Autre élément et non des moindres que le CPE peut être amené à travailler en cette période qui précède la rentrée est l’ajustement des listes de classe. Si celles-ci ont été travaillées en fin d’année avec les équipes enseignantes, il arrive souvent que des élèves doivent changer de classe pour un problème d’option ou parfois pour éviter de rallumer un conflit qu’il y avait eu l’année précédente. Je n’aime pas ce travail d’ajustement car intervertir deux élèves de classe peut avoir des conséquences sur leur destin scolaire. L’attente que les professeurs ont pour leurs élèves est parfois très différente. Comme l’explique Audrey Murillo dans son livre Prendre un bon départ avec ses classes, cette attente se construit sur plusieurs critères : « les attentes que les enseignants ont pour leurs élèves se construisent à partir de différentes informations : les résultats scolaires antérieurs, les premières performances, le comportement en classe, les professions des parents, la place de l’élève en classe ». Avoir un enseignant qui croit en la réussite possible de tous ces élèves peut donc avoir un impact positif. Je pense ici à cette professeure d’histoire-géo, Madame Gueguen, jouée par Ariane Ascaride dans le film Les Héritiers, qui a cru en ses élèves, pourtant jugés difficiles par la plupart des membres de l’équipe enseignante.
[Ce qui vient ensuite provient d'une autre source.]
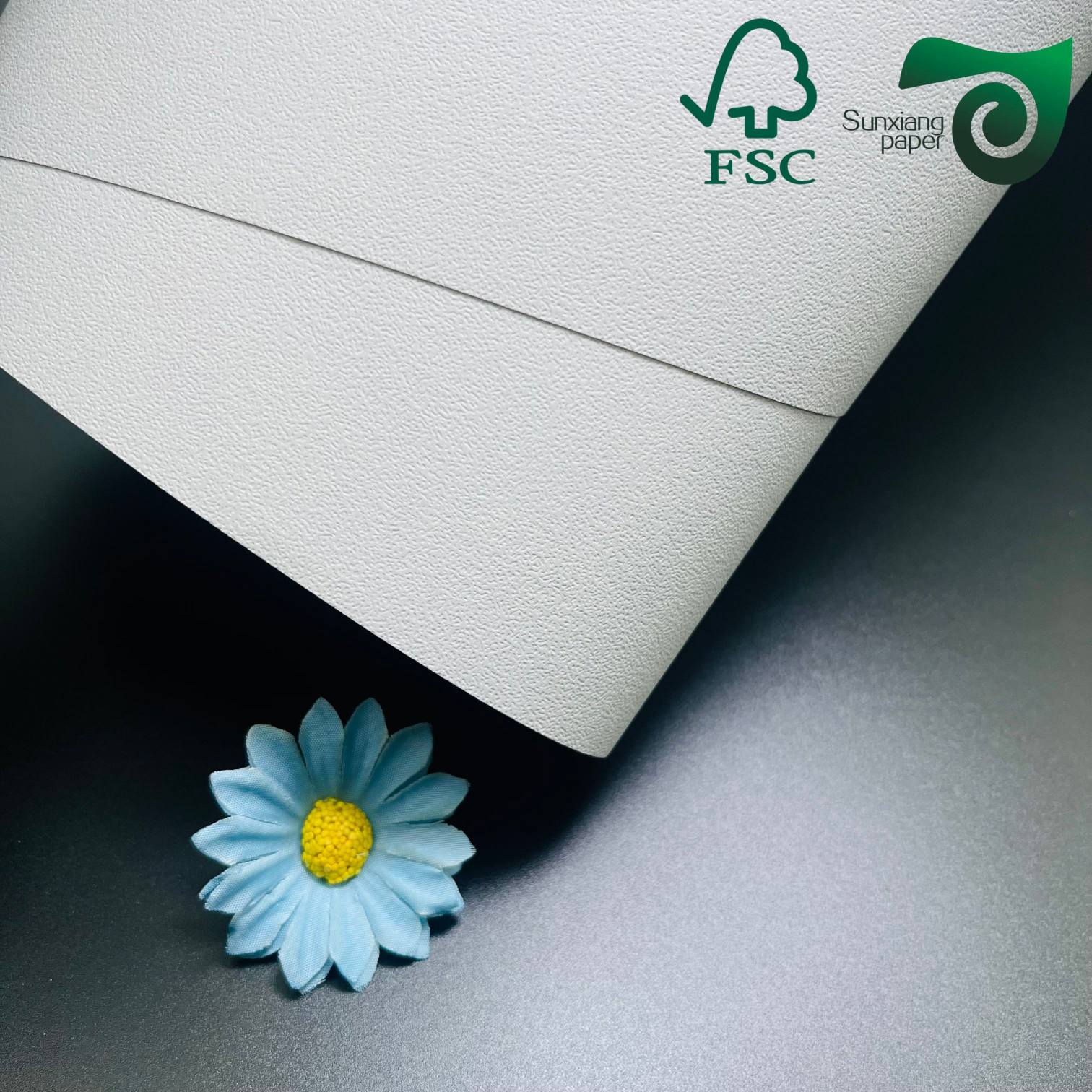 FSC certified 200gsm leather grain embossed white paper, ideal for luxury jewelry & accessory packaging, premium gift boxes and high-end display solutions.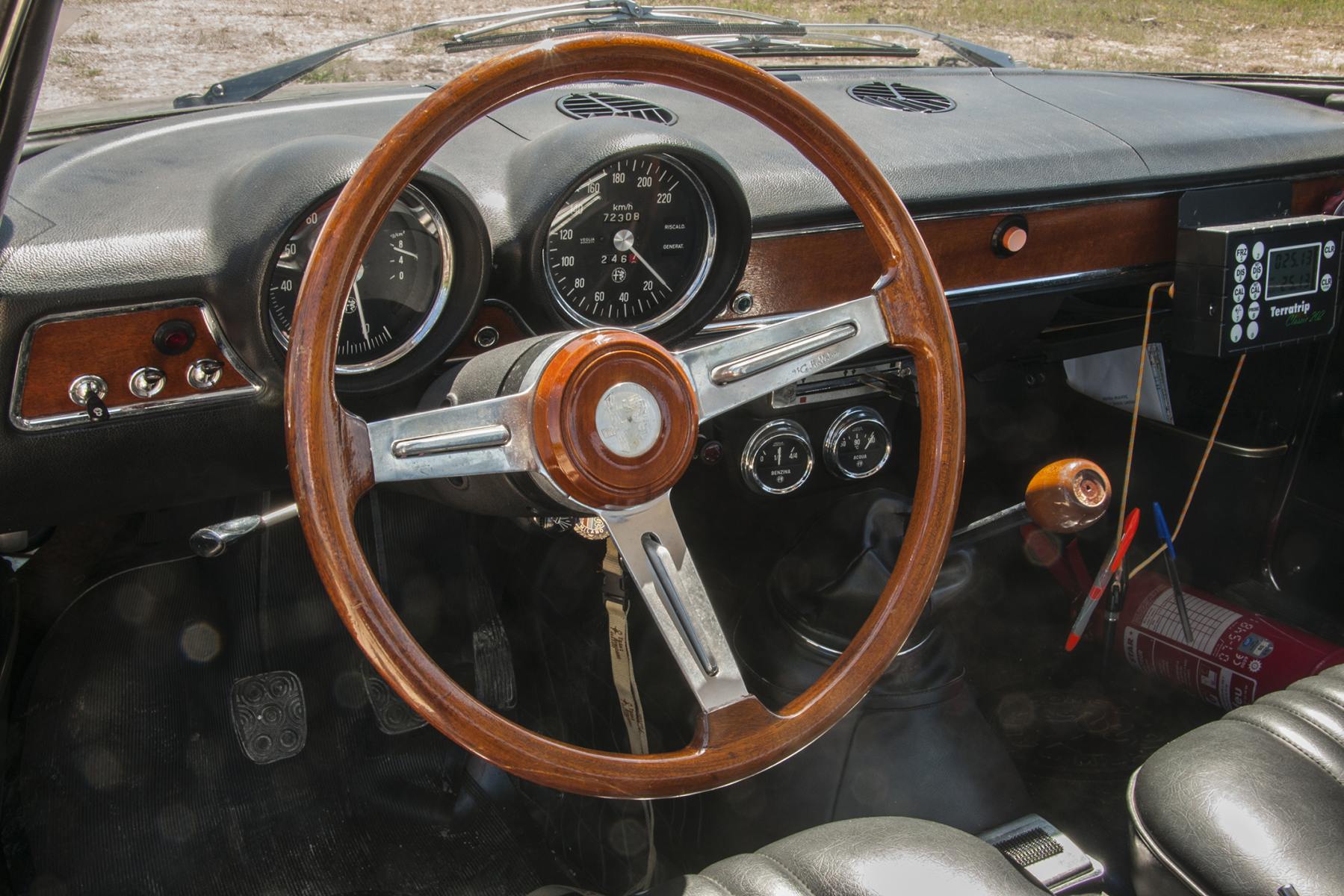 Agrandir=GT 1300 Bertone-ALFA ROMEO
Elle parvient à les amener sur le chemin de la réussite car elle croit en la force de l’éducabilité. C’est pourquoi intervertir deux élèves de classe est loin d’être anodin. Comment établir ce choix ? Sur quels critères ? Comment vont réagir les collègues enseignants, d’autant plus que la constitution des classes est un véritable enjeu de pouvoir ? Certains aimeraient, par exemple, mettre fin à l’hétérogénéité des classes pour ne pas pénaliser les bons élèves. Il faut donc constamment veiller à un bon équilibrage des groupes pour donner une chance à chacun, et éviter de constituer des classes ghettos regroupant tous les élèves en difficulté. Ce qui est inquiétant, c’est que cela est un souhait exprimé régulièrement lors des conseils de classe par des professeurs, parfois jeunes, se retrouvant en échec avec une classe. La constitution des classes est loin d’être une science exacte et nous verrons au cours de l’année si nos choix ont été judicieux.
Enfin, ce temps de rentrée du CPE est aussi celui de la réflexion, pour mettre en place différents projets. Il s’agit, par exemple, de préparer les futures séances de formation des délégués de classe ou de penser à quelles actions mener avec les élèves du conseil de la vie collégienne. Comment, par exemple, former les élèves à la citoyenneté en leur donnant des occasions de l’expérimenter ? Comment faire comprendre aux élèves la nécessité des règles qui nous permettent de faire du commun ? Il est important de donner du sens, car comme le souligne Philippe Meirieu dans son dernier ouvrage, Qui veut encore des professeurs : « Inculquées sans être intériorisées, les normes ne survivent pas à la disparition de la menace de sanction. Découvertes dans des activités qui permettent d’en mesurer la fécondité, elles deviennent un formidable outil de formation du citoyen ». Il est à noter que ce temps de réflexion est crucial, car je sais qu’une fois que le navire aura pris son rythme de croisière, je n’aurai plus le luxe d’en profiter. Il est donc important de se prévoir un cap vers lequel tendre pour ne pas se retrouver dépassé au moment où les vents contraires seront les plus forts.